The Fair Trade movement emerged decades ago with the goal of delivering a better standard of living to many impoverished farmers and workers in the developing world, where unfair and exploitative prices, wages and working conditions prevail, trapping millions in poverty.
The movement, fueled by hundreds of retailers, NGOs, mission-driven for-profit “Alternative Trading Organizations” and conscious consumers, has established criteria and standards for fair pricing, wages and working conditions in farming and processing of diverse commodities and products. Products certified to these standards empower farmers and workers, and their families and communities, enabling them to improve their lives and livelihoods.

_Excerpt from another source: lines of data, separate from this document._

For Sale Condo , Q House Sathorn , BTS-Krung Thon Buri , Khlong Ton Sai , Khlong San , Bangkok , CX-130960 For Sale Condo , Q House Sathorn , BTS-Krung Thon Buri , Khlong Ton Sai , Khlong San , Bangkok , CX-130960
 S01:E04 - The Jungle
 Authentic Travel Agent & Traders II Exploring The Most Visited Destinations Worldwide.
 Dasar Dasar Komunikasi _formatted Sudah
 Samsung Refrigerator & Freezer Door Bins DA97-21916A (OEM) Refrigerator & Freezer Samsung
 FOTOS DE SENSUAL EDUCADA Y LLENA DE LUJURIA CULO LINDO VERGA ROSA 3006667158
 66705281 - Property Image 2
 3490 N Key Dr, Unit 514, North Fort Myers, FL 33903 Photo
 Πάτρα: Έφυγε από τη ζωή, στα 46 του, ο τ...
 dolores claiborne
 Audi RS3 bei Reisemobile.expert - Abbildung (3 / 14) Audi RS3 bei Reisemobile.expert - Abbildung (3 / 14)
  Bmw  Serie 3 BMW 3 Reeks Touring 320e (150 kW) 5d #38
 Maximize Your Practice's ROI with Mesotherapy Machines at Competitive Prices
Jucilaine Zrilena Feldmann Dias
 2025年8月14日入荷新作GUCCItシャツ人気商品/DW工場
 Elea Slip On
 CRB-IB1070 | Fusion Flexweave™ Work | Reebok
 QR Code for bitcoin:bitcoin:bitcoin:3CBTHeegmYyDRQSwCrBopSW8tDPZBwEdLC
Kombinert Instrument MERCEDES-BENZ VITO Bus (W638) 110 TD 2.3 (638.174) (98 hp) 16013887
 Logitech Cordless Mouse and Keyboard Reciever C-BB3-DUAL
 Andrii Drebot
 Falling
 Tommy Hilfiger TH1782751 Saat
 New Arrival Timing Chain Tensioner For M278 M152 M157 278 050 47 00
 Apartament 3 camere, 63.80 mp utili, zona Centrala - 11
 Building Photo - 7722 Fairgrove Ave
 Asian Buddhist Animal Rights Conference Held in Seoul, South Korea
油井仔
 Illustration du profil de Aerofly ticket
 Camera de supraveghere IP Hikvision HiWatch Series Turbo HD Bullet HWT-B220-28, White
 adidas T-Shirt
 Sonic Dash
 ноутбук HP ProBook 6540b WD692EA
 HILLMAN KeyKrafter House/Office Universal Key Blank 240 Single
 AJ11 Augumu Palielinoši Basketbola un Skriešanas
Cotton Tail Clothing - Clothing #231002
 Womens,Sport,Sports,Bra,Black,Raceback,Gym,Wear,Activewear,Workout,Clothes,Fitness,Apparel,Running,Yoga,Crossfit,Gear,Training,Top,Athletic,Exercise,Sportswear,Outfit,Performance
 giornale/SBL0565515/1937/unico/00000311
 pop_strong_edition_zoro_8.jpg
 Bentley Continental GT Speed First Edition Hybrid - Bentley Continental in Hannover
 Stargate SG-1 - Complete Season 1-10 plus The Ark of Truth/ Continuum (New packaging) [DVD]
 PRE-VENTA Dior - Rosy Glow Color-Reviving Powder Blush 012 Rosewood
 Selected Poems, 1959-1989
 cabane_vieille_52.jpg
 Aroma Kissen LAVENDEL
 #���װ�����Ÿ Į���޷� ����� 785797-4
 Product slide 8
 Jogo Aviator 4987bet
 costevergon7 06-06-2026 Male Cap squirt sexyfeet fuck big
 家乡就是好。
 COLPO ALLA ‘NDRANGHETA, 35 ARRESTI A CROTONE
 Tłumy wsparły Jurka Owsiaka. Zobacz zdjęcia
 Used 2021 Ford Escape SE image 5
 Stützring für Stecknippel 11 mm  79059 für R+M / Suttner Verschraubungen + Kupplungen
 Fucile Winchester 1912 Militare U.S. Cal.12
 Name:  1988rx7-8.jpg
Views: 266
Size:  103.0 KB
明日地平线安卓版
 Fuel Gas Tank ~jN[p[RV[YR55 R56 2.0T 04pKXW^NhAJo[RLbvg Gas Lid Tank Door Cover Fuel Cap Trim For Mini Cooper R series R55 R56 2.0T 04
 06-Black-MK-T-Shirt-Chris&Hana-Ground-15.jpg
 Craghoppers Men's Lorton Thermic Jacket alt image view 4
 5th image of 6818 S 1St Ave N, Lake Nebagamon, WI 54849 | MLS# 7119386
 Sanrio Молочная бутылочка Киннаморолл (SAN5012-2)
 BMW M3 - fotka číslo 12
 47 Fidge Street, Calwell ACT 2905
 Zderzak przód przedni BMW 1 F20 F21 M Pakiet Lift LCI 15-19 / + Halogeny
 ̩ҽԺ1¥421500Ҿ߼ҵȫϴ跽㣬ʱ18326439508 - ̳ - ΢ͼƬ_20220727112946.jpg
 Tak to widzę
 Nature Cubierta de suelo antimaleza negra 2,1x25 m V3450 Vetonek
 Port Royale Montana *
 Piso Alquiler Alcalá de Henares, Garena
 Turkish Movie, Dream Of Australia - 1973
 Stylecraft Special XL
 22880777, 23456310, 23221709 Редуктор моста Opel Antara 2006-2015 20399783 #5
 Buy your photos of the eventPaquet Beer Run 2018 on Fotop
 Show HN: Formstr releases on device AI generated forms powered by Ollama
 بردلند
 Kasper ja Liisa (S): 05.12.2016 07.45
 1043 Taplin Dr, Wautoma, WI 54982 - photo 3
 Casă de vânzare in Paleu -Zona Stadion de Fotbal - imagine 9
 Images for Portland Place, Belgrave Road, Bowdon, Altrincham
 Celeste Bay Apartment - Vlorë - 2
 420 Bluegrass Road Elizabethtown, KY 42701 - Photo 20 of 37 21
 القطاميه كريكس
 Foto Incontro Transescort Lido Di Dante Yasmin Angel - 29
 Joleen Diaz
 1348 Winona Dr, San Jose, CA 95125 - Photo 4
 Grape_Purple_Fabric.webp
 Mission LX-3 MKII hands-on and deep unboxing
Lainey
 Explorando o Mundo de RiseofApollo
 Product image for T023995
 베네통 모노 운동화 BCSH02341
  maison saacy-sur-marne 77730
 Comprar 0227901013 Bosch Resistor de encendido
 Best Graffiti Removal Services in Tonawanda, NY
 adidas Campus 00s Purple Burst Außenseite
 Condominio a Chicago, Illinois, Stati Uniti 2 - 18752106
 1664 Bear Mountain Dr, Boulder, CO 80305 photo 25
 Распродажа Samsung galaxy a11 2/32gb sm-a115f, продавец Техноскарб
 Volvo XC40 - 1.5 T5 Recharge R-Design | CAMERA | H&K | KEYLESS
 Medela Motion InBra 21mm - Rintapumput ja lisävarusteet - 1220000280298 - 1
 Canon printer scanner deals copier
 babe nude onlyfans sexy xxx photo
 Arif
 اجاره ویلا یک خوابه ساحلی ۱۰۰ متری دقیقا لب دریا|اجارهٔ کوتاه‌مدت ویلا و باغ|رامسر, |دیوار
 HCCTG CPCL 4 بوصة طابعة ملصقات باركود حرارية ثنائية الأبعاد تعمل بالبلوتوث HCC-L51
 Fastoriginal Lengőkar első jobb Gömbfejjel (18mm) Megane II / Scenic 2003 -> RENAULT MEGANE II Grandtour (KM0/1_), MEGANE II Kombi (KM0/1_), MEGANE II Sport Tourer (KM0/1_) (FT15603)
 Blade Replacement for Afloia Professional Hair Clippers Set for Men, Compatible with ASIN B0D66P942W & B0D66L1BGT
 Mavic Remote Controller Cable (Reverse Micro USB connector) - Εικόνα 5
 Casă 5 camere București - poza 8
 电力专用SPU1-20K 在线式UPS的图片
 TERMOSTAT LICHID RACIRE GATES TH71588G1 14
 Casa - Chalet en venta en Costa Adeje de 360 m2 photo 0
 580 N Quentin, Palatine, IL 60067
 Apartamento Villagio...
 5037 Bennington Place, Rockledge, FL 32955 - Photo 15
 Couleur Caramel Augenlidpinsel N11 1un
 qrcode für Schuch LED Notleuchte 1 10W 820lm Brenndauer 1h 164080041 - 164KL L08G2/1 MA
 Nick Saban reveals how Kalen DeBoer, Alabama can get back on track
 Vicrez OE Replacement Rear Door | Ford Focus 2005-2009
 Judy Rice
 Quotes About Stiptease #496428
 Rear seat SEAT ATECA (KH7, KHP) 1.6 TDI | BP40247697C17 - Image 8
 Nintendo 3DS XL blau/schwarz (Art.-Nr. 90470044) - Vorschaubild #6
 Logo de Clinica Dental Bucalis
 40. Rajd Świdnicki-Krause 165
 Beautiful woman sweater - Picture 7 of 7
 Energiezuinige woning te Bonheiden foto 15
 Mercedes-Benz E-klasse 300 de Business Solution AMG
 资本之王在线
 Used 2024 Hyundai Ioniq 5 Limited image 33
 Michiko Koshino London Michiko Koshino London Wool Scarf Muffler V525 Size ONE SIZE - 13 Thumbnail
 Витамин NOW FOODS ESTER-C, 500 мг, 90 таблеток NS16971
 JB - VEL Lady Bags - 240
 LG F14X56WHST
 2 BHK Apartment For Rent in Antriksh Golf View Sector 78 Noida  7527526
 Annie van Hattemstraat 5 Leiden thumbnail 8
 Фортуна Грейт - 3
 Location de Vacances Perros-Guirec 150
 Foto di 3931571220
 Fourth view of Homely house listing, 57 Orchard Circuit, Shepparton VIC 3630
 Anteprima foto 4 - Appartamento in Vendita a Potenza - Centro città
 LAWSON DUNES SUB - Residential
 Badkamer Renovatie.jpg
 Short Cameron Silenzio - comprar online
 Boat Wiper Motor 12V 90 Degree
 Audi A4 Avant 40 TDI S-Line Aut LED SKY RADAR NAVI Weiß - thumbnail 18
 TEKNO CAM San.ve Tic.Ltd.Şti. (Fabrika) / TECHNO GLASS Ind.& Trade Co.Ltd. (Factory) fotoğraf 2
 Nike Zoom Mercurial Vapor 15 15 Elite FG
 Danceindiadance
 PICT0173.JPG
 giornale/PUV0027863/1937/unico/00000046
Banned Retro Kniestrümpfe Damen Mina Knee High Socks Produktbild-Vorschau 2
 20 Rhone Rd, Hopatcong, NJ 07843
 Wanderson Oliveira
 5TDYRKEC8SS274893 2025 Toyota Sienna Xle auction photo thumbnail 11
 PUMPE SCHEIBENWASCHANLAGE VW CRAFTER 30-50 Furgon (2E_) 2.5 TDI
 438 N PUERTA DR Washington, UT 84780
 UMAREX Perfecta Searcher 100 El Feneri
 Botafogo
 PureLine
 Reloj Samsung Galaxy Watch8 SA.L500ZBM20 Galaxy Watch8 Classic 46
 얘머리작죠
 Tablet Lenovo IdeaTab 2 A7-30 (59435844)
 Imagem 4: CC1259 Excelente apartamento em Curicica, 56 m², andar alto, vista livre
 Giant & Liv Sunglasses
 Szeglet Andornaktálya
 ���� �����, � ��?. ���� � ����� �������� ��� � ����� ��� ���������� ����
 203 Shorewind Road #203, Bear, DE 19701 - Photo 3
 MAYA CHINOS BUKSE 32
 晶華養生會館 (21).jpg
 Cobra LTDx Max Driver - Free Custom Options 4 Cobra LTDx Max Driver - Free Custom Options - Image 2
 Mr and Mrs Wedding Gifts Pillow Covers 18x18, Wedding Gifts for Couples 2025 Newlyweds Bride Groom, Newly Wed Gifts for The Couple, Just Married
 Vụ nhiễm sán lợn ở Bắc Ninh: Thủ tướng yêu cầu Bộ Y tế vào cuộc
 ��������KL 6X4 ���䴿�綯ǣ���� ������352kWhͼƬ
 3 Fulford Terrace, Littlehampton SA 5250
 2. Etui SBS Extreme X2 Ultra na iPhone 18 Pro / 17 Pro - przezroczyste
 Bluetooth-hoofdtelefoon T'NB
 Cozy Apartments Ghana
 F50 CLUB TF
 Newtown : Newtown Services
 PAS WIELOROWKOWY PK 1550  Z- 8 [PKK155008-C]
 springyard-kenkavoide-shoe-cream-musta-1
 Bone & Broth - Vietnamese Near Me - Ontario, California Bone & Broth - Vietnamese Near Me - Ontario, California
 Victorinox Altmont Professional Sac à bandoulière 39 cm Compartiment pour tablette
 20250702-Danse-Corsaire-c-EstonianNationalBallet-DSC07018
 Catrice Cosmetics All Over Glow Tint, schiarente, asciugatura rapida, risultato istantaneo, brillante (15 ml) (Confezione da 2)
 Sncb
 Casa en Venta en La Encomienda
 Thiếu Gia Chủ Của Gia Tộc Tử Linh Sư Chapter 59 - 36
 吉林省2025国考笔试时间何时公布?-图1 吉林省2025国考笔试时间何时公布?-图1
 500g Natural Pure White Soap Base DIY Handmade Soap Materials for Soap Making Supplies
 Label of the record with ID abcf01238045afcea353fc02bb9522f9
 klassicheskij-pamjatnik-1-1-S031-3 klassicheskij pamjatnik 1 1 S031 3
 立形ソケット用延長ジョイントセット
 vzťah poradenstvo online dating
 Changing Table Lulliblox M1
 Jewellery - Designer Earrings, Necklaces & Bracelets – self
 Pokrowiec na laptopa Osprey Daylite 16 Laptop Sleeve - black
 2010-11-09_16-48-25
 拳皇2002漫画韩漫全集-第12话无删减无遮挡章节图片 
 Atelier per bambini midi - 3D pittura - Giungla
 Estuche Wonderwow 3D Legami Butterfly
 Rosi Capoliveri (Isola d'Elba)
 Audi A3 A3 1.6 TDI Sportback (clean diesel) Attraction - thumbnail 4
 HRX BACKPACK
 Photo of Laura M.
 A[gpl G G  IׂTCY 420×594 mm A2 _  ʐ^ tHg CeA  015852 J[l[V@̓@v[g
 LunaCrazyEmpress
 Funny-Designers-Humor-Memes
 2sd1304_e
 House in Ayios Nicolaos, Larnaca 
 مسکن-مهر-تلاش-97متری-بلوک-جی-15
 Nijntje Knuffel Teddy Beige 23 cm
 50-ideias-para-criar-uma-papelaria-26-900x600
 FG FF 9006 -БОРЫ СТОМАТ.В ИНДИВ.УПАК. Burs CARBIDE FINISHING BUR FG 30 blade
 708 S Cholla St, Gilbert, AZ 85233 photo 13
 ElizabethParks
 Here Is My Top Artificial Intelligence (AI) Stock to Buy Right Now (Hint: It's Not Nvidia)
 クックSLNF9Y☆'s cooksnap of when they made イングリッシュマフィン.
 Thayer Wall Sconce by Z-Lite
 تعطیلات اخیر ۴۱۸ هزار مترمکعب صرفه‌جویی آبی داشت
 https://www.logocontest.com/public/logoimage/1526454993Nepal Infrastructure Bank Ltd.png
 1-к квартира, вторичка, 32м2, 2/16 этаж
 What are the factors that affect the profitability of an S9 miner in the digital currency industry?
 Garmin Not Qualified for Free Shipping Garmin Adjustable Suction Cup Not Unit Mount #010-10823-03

One Fair Trade standard and certification organization is the Fair Labeling Organization (FLO), which has developed fair trade standards and certifies producer groups that comply with these standards. TransFair is the US arm of FLO, and receives a “licensing fee” from companies that use the TransFair logo on products that are certified or contain fair trade ingredients.
Another Fair Trade standard and certification system is the Institute for Market Ecology’s (IMO) Fair for Life program. Fully committed fair trade companies including Equal Exchange, Theo Chocolate and Dr. Bronner’s have chosen to use IMO rather than FLO/TransFair for several reasons. In particular, IMO does not allow use of its seal on products and brands that do not have a majority of fair trade certified ingredients or materials. Further, Fair for Life also broadened the scope of fair trade to allow for the certification of virtually all agricultural commodities produced in developing countries if Fair Trade conditions are met along the entire value chain.
The Fair Trade Federation (FTF) is a US membership organization that accepts only dedicated fair trade “Alternative Trading Organizations,” and screens applicants against rigorous fair trade criteria. Fully committed fair trade companies such as Equal Exchange, Co-Op Coffees, Guayaki and Dr. Bronner’s are proud members.
While TransFair has done an admirable job in promoting the concept of fair trade and broadening its visibility, OCA and Dr. Bronner’s are concerned that TransFair has permitted its certification to be used in ways that mislead consumers and has attempted to claim exclusive use of the term “Fair Trade” in ways that unfairly hurt other certifiers and undermine the fair trade movement.
David Bronner continues, “Many in the movement feel that TransFair needs to be held accountable, and that consumers need to be educated about alternatives, in particular IMO’s Fair for Life certification program. To prevent TransFair from monopolizing and abusing the term “Fair Trade,” the Organic Consumers Association and Dr. Bronner’s Magic Soaps have filed a formal complaint with the Federal Trade Commission. It details the issues and problems with TransFair, along with illustrative examples of ‘fair trade cheater brands’ like Avon/Mark and Hain Celestial/Queen Helene.”